Support Questions

Find answers, ask questions, and share your expertise
Announcements
Celebrating as our community reaches 100,000 members! Thank you!

Using countByValue() for a particular column in pyspark

avatar

I have just started learning pyspark. I have a structured data in the below format.

movieId,title,genres

1,Toy Story (1995),Adventure|Animation|Children|Comedy|Fantasy

2,Jumanji (1995),Adventure|Children|Fantasy

3,Grumpier Old Men (1995),Comedy|Romance

4,Waiting to Exhale (1995),Comedy|Drama|Romance

5,Father of the Bride Part II (1995),Comedy

I wanted to get the count of movies based on genres.

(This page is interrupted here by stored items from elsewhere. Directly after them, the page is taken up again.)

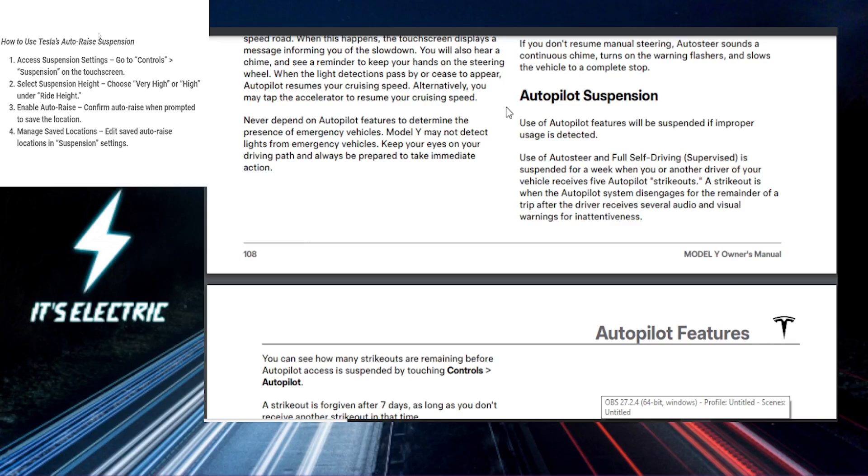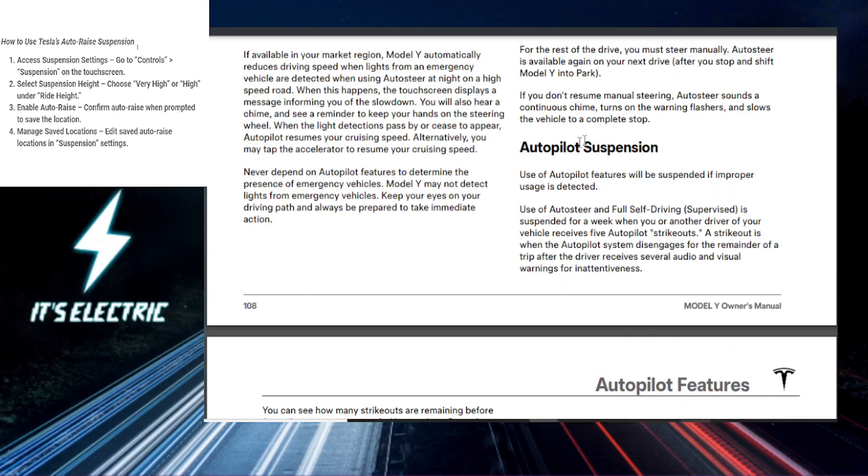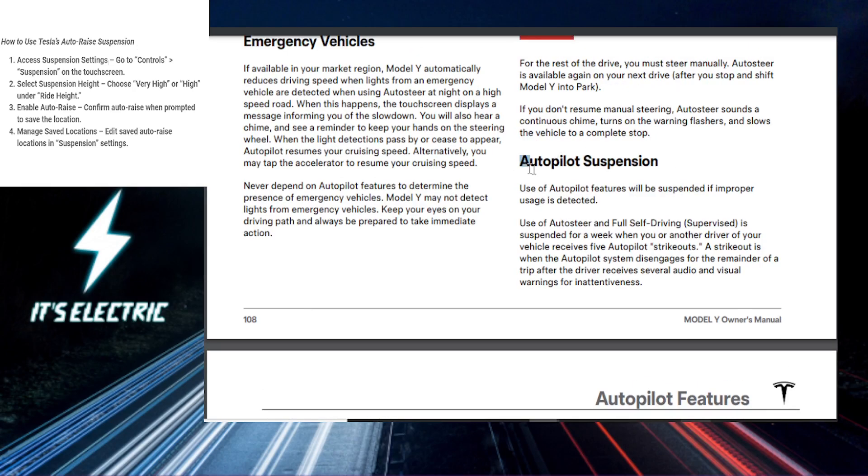All right, Tesla fan, let's get straight to it. So today, I'm going to be showing you how to set up and use the auto-raise suspension or the autopilot suspension. Your Tesla can adjust its height automatically when you reach certain locations.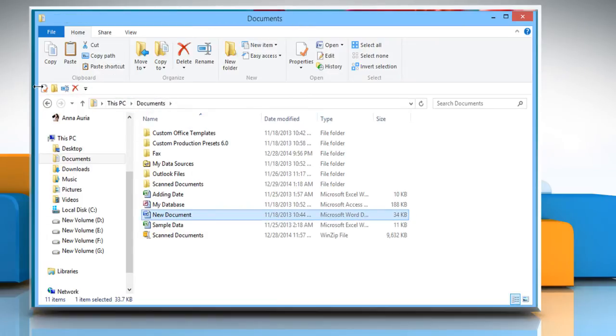Now you will see that the Quick Access Toolbar is positioned just under the ribbon on the left side of the window.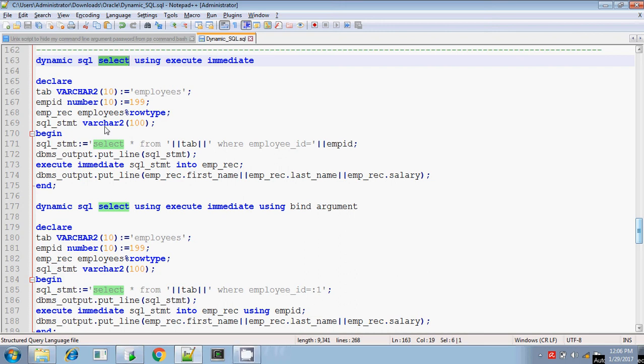Hey, this is Sridhar. Today I will explain how to execute a dynamically created SELECT statement using EXECUTE IMMEDIATE. SELECT is also a DML statement. I will explain how to execute this SELECT statement without using a BIND argument and then using a BIND argument.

movies = sc.textFile("hdfs://data/spark/movies.csv")

moviesgroup = movies.countByValue()

If I use above code then its grouping the data on all the columns. Is there a way to group based on a particular column. In the above case grouping has to be done based on genre and I wanted genre and count to be stored in the RDD. Could someone help on the same?

3 REPLIES 3

avatar
Super Guru
@Bala Vignesh N V

Have you tried doing groupByKey(), reduceByKey or aggregate()?

avatar

@mqureshi

I have tried it but still the same result. Im unable to group only based on genres.

If it is in a query i would have gone with select genres,count(*) from table_name group by genres. I would like to implement the same through pyspark. But stuck here. Any help would be appreciated much.

avatar
Expert Contributor
@Bala Vignesh N V

Your problem statement can be interpreted in two ways.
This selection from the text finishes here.